Could also be referring to the cryptography library which added a Rust dependency, which caused pain for people running ansible, and other downstream users.
> Could also be referring to the cryptography library which added a Rust dependency, which caused pain for people running ansible, and other downstream users.
This isn't true for the overwhelming majority of deployments, since pyca/cryptography was/is distributed as a pre-built wheel. There is no runtime dependency on Rust in pyca/cryptography; the only downstream change is that packagers are required to have a Rust toolchain.
Just because there are wheels doesn't mean you'll never need to install Rust to install Cryptography. Just this week I got a "you need Rust" build error inside of a Docker container due to Pip not being able to find a wheel for the specific Python version used by the container. Fortunately, the version of Cryptography that was being pulled in supported that environment variable to use the C version instead, so I was spared from having to do a ton of work.
For now.
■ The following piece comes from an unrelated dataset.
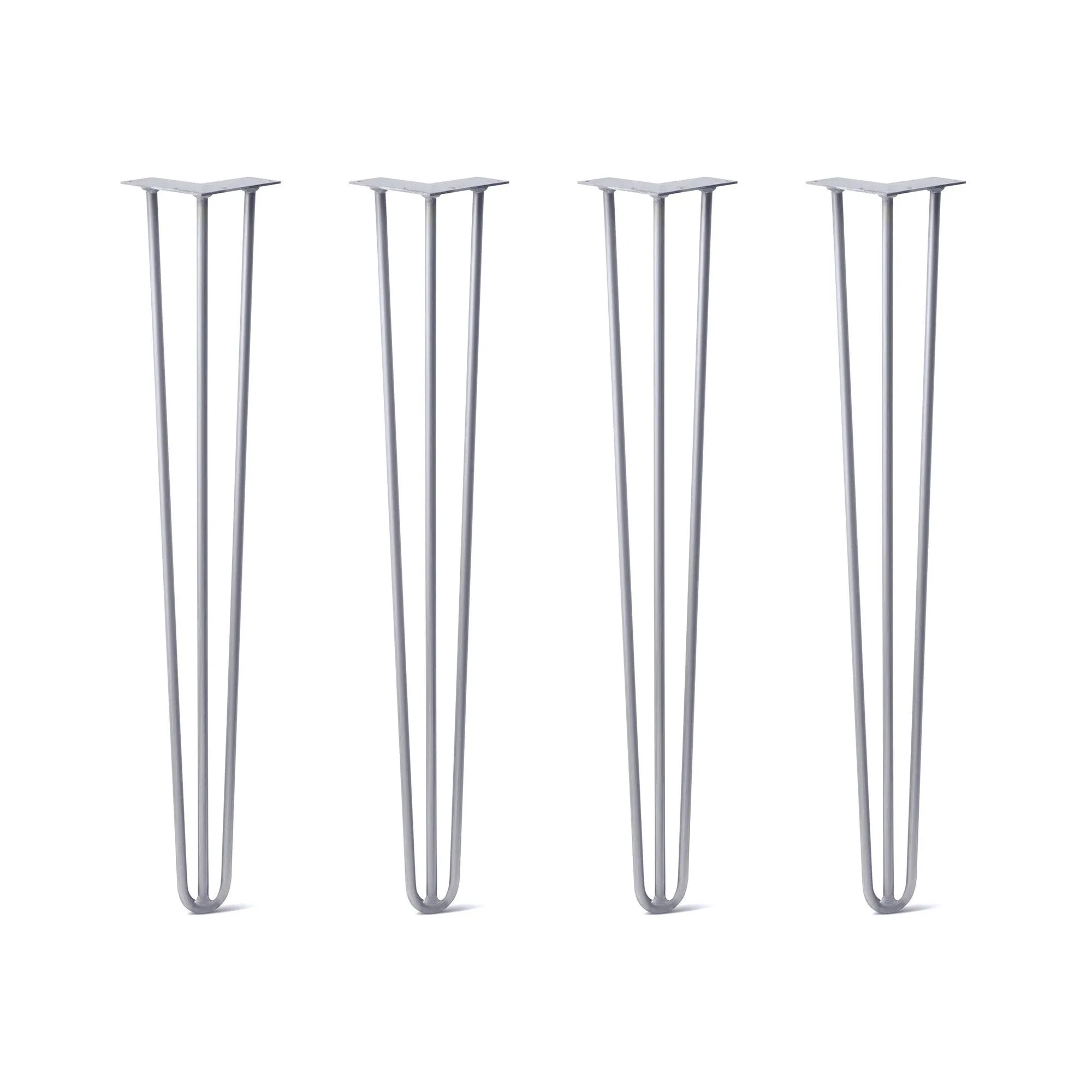 Hairpin Legs Set of 4, 3-Rod Design - Grey Powder Coated Finish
One day I'll wake up and a future version of this container will refuse to build because whatever library pulled pyca/cryptography in got upgraded and now needs the Rust-only version.
Deeply subjective. Rust has been the most loved language on Stack Overflow for 5 years in a row now.
> add a new huge dependency
Sure, but setting up Rust is much much easier than GCC with all the trimmings.
> As an exemple, there is a common package in python that decided to start having their module in Rust instead of C. Now a lot of users of the module are pissed off, with good reason, because you can't build/install the module anymore in a little bit older or non conventional distributions.
Assuming you are referring to pyca, you are mistaken and there has been a lot of misinformation about the change. Rust support is needed to build the module, but not install it. Pyca works just fine for users without rust and works everywhere rust does. Users on niche CPU architectures which haven't been sold commercially for 15+ years were the only ones impacted.